Guillaume Eynard Bontemps
In charge of CNES Computing Center for a year, Guillaume is a specialist in distributed commputing on huge datasets. He has in the past deployed a Hadoop cluster and deployed algorithm on it. He is also a member of Pangeo steering committee and a Dask active user.
Pangeo Data Analysis Platform at CNES and Astronomical Use Cases
Pangeo is first a scientific community, but also a Python software ecosystem and a platform that can be deployed on many infrastructures.

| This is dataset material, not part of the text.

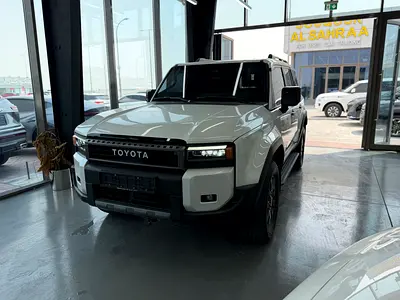 Toyota Prado Adventure 2024 GCC Specs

Its goal is to provide means ways to make scientific research and programming easier on big datasets coming from simulations ran on HPC clusters (climatic model) or from sensors like observation satellites.
In this demo or talk, we will see how a scientist or an engineer will be able to analyze and process huge data volumes interactively, in a few lines of code, using the software components that are at the heart of Pangeo: Jupyter, Dask and Xarray.

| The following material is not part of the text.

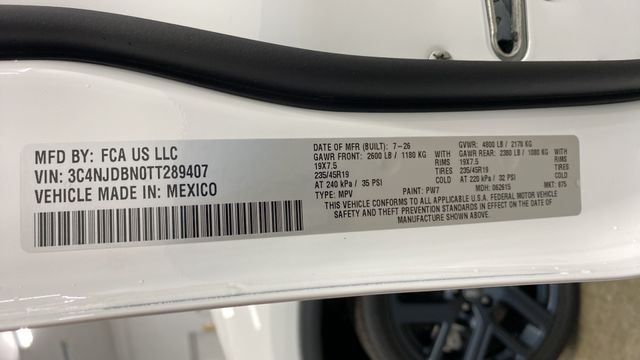 New 2026 Bright White Clearcoat Jeep  image 28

These main pieces of software will be presented:
- Jupyter is the main graphical interface, it advantageously replaces a terminal.

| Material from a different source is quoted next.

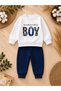 3-Piece Baby Set – Printed Tracksuit Sets 0-24 Months - 4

- Dask allows scaling computations and data analysis through many nodes or virtual machines.
- Xarray gives a high level representation of multi-dimensional scientific data.
We will also describe the main possibilities for deploying a Pangeo platform: your personal laptop, a public cloud provider or an HPC cluster.
Finally, we will demonstrate Pangeo stack usage through some concrete use cases:
- Statistic computations and visualisation of Gaia data catalog.
- A multi-temporal analysis on Sentinel 2 satellite tiles, in order to watch the evolution of the NDVI (Normalized Difference Vegetation Index) on its pixels.